(Crawled caption data)
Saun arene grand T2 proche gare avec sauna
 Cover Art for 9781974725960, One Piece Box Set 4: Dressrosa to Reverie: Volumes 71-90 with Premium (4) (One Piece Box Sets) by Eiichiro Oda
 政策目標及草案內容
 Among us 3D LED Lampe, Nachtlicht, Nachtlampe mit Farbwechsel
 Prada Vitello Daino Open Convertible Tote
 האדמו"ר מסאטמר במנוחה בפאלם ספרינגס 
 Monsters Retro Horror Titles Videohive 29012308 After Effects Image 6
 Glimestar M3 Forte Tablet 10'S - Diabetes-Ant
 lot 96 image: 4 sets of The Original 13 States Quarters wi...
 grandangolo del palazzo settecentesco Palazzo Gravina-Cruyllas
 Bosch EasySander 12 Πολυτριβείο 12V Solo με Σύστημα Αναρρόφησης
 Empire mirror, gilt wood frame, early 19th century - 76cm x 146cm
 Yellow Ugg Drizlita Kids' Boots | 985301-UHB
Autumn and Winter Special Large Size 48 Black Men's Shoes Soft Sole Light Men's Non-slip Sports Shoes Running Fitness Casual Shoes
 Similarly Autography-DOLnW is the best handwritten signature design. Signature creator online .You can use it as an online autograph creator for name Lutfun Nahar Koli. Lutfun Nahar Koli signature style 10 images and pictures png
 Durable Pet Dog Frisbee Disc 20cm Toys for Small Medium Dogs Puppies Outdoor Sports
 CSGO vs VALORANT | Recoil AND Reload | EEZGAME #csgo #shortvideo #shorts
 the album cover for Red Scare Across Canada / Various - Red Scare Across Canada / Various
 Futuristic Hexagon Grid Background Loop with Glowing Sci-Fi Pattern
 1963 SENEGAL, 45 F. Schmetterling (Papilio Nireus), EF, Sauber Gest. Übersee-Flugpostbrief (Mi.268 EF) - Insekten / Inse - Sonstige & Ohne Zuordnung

> [REQUIRED WORK]: Show the lines of the records that include the string "Sports".

> [EXERCISE RESPONSE]:
Autumn and Winter Special Large Size 48 Black Men's Shoes Soft Sole Light Men's Non-slip Sports Shoes Running Fitness Casual Shoes
 Durable Pet Dog Frisbee Disc 20cm Toys for Small Medium Dogs Puppies Outdoor Sports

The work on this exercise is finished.